《特装騎兵のバリアブルビークル》

 1999年、宇宙からイデリア文明が襲来、地球侵攻を開始した。
 イデリアと地球の種の起源は同じものであった。地球に残されたイデリア大陸を復活させ、そこに隠された力を手に入れる事がイデリアの真のねらいであった。
 地球側はこの奇襲に対し、抵抗を続ける中、特殊チーム・ドルバック隊にバリアブルマシンを配備。戦闘ジープ型の無限キャリバー(ムゲン・ランドキャリバー)、重戦車ボナパルト・タルカス、対地攻撃ヘリオベロン・ガゼットを主力として局地戦を展開する。

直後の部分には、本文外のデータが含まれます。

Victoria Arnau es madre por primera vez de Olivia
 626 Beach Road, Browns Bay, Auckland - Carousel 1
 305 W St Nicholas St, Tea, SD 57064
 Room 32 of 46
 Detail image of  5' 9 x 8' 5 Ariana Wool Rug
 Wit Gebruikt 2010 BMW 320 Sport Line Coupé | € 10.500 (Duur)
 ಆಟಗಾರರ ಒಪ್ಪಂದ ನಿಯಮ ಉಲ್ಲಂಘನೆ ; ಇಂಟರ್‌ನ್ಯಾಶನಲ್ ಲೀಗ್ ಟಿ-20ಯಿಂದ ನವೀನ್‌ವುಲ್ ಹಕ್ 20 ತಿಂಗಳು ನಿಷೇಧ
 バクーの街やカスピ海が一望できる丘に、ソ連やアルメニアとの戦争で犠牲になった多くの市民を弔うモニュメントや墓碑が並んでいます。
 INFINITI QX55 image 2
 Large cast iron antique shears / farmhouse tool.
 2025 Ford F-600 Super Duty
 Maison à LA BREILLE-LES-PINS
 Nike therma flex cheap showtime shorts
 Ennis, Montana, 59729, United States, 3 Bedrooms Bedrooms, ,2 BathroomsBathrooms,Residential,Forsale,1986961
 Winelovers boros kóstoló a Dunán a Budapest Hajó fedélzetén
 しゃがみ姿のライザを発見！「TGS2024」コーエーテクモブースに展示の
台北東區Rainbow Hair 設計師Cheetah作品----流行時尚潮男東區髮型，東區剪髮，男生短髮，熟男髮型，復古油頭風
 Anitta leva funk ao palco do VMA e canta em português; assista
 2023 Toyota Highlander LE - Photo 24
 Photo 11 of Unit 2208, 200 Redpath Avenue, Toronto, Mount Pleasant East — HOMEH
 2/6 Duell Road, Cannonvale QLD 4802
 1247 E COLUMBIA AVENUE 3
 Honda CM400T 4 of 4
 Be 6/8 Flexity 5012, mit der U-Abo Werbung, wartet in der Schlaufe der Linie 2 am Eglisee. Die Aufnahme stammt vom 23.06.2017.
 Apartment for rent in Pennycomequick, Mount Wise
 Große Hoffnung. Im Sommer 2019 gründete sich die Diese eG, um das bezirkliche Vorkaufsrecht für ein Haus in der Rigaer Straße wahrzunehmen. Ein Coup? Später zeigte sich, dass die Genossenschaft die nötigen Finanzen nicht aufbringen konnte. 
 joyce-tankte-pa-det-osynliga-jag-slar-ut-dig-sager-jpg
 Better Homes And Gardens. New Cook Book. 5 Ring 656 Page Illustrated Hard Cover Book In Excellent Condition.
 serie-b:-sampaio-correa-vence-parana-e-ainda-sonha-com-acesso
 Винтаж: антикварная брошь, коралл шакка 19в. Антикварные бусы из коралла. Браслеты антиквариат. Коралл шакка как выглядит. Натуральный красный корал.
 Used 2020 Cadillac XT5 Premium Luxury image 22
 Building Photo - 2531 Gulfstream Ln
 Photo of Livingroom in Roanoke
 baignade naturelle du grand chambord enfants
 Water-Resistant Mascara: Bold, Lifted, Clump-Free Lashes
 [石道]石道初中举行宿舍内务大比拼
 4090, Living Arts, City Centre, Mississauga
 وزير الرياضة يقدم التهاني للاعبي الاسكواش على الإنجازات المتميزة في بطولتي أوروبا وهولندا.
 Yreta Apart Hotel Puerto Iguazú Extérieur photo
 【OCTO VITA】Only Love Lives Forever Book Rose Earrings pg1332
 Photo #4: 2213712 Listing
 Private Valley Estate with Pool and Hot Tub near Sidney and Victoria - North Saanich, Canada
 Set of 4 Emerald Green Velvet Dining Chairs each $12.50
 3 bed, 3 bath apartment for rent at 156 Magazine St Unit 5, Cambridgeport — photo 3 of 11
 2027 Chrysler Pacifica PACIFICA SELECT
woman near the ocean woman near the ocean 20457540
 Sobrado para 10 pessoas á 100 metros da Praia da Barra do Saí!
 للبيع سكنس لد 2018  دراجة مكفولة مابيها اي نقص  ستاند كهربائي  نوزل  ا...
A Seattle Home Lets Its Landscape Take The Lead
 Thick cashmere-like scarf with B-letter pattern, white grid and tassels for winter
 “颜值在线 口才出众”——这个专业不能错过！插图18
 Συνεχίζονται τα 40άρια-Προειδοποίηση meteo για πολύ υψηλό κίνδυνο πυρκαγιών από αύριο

 ここで言うジープとは、ウイリスジープや三菱ジープといった商標のことではなく、一般的なAFVの中の4輪駆動車を平たくジープ、と呼ぶのと同じである。VV54−AR型。これが無限キャリバーの正式な車両型式だ。
 何処をどう切っても、20世紀の米軍や日本の陸上自衛隊が使用していた“あの”ジープとは似ても似つかない。当然、ホイルベースもトレッドも、ジープと言うよりハマー以上のディメンションとなっている。おまけに、見るからに悪路走破性が高いと言いきれない。
 それもそのはずで、無限キャリバーは4輪駆動車として強行偵察、強襲攻撃、制圧を任務とするが、4輪駆動でさえ走破しきれない不整地においてもゲリラ戦を繰り広げるために、2足歩行タイプに可変するのである。フロント部分は、実は背部と胸部装甲に転じ、サイドパネルブロックが脚部となる。重火器を取り扱うマニピュレータ・アームは車体下部に、頭部センサーブロックは車体前部に格納されている。
 タルカス、ガゼットも必要(?)に応じて限りなくヒト型に近い形態に変形するが、その意味性は、超局地戦仕様のキャリバーに比べると非情に怪しい。いや、キャリバーも怪しいと言えば怪しい。
 無限キャリバーは、ドルバック隊に専用配属されたカスタム機で、ドライバーの力量に合わせたチューンが施されているものと思われる。固定オプションはフロント部分の大型ウインチと、リアパネル上部に装備する速射機関砲などがある。2足歩行時は右肩にキャノンを設営するための増加装甲、降下・飛翔用のバックパック(ジャンプユニット)を取り付けられる。このバックパックはビークル時にも設置可能となっている。

 

 これらのバリアブルマシンは、各種、量産型が追加配備され、戦局を覆していく。
 量産機キャリバーはバリアブルビークルとしては無限仕様と共通だが、頭部センサーユニットの形状と機体色が異なる。主武装はバズーカランチャーとされ、ライフルの携行も可能だ。
 また、その可変車体の優秀性を認められ、後にAIを搭載され、ロードバスターと呼称を変えて、トランスフォーマーの攻撃指揮官として活躍した記録もある。